UNITED STATES
These Stone Walls
Editor’s Note: The following is a guest post by William Donohue, Ph.D., President of the Catholic League for Religious and Civil Rights, to mark the 20th anniversary of the unjust imprisonment of Father Gordon MacRae.
His troubles began in 1983. Father Gordon MacRae was working at a clinic for drug-addicted youths in New Hampshire when a 14-year-old told his psychotherapist that the priest had kissed him; there was nothing to the story, so nothing came of it. Three years later, when the young man was expelled from a Catholic high school for carrying a weapon, he started telling his counselor how MacRae had fondled him. It turns out that the adolescent was quite busy at the time making accusations: he said two male teachers also molested him. An investigation into all of these cases was made, and they were all dismissed.
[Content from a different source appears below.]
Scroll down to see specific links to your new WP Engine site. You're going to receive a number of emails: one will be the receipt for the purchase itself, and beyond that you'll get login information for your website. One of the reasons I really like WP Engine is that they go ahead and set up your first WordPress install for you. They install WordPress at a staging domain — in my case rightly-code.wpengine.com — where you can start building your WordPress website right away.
Ten years after the first charges against MacRae were tossed, the same man resurfaced with new accusations. The preposterous nature of the charges meant they would go nowhere, but as fate would have it, they would nonetheless play a role in helping to bolster a criminal charge against MacRae one year later.
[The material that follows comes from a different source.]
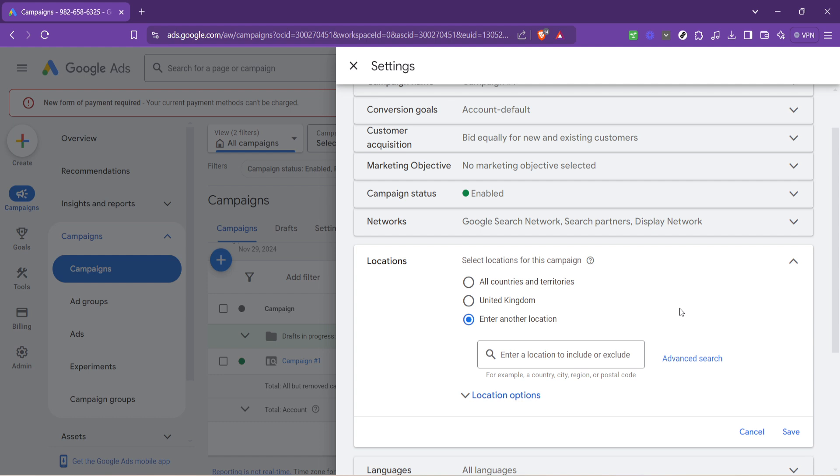This can help concentrate your advertising efforts on the regions that matter most to your business. In conclusion, adjusting your Google Ads location settings enables you to control where your ads are shown, directly impacting their effectiveness and reach. By following these steps, you'll be able to fine-tune your campaigns for better engagement, higher click-through rates, and ultimately greater success in your advertising endeavors.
It wasn’t over for MacRae, not by a long shot. In 1988, a teenager at a hospital that treats drug abusers told the priest about sexual encounters he allegedly had at the hospital and then exposed himself. MacRae, taking no chances, reported this to his superiors. While they believed him, they nonetheless suspended him pending an investigation. But the effect that this incident had on a local detective was not sanguine. In fact, he proved to be a zealot who made it his duty to get all the goods on MacRae, even to the point of making some details up.